**PROBLEM DETAILS**
Repeat the listing exactly. Any picture in it should be left out of the copy.

**PROVIDED MATERIAL**

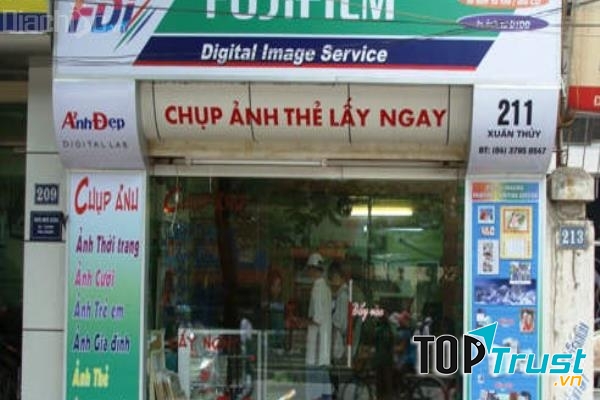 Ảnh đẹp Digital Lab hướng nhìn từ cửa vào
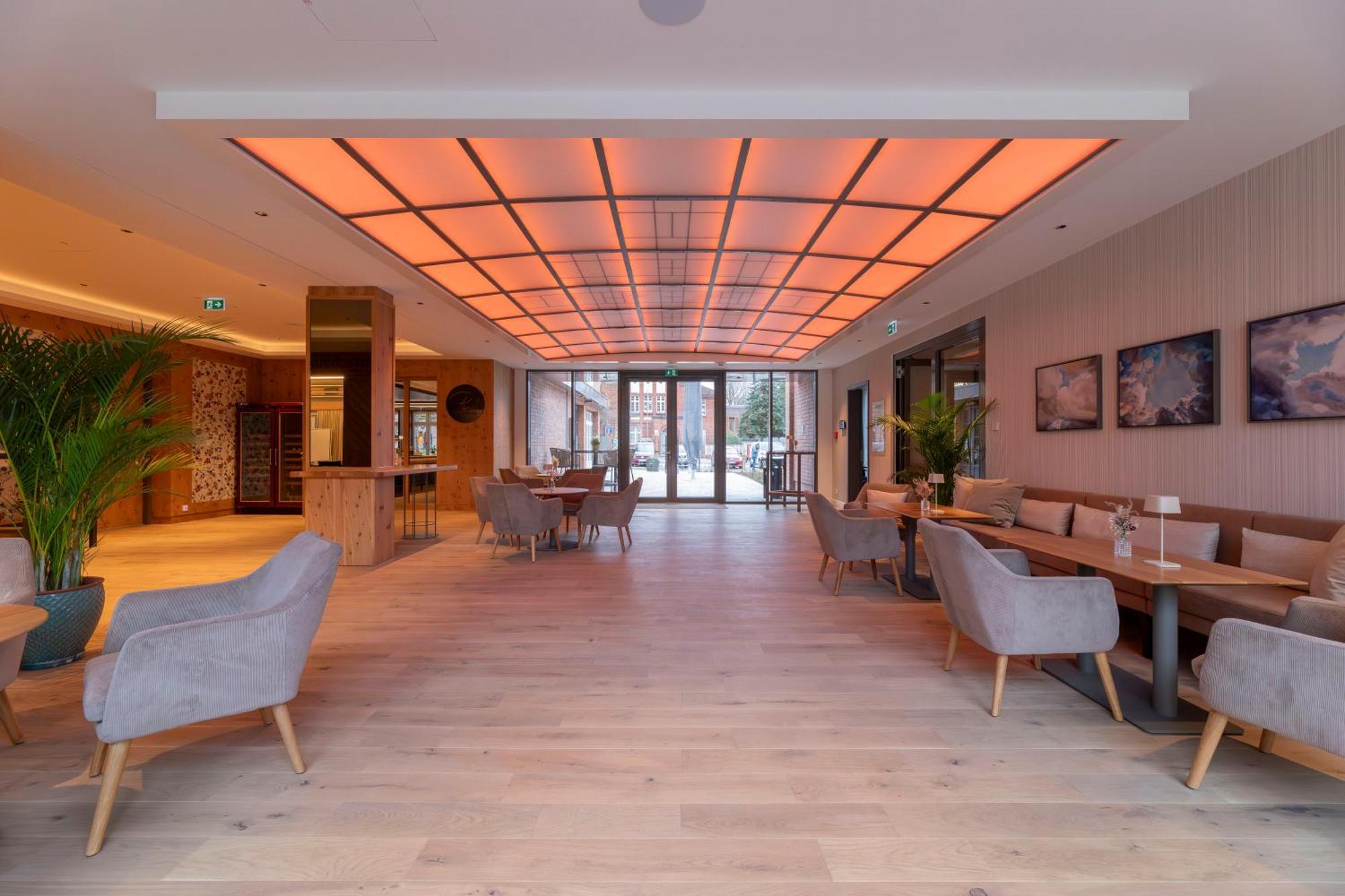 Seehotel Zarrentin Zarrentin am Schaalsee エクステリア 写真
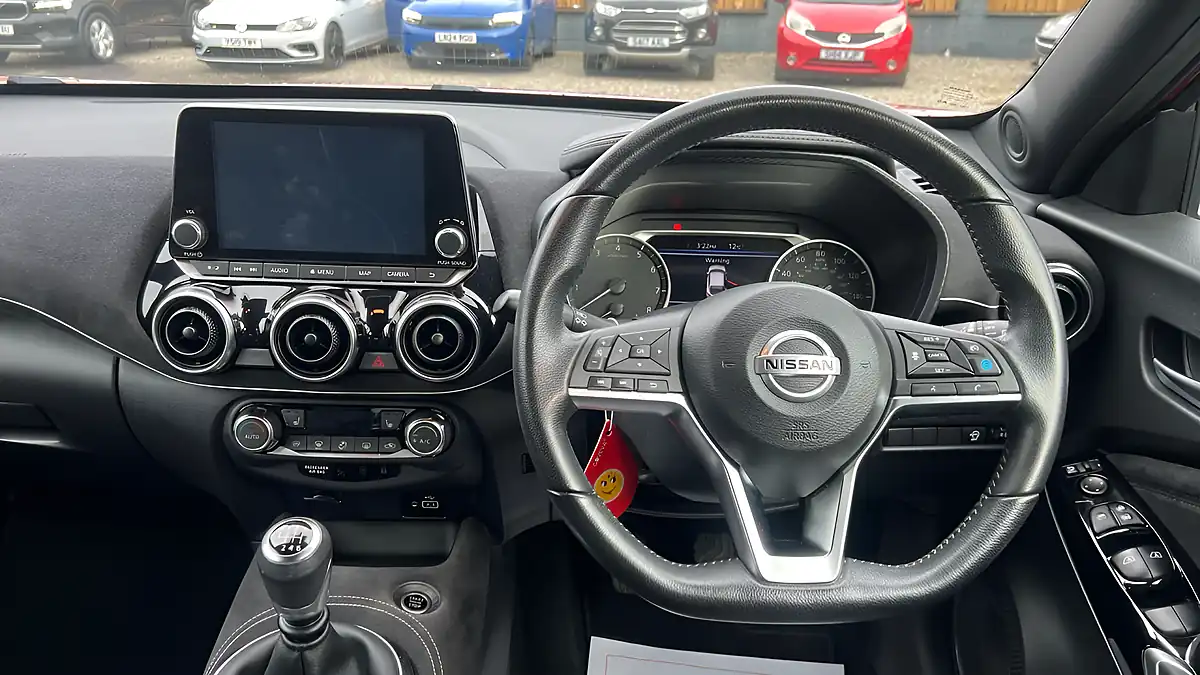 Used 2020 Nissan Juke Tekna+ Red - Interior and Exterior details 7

**ANSWER SECTION**
 Ảnh đẹp Digital Lab hướng nhìn từ cửa vào
 Seehotel Zarrentin Zarrentin am Schaalsee エクステリア 写真
 Used 2020 Nissan Juke Tekna+ Red - Interior and Exterior details 7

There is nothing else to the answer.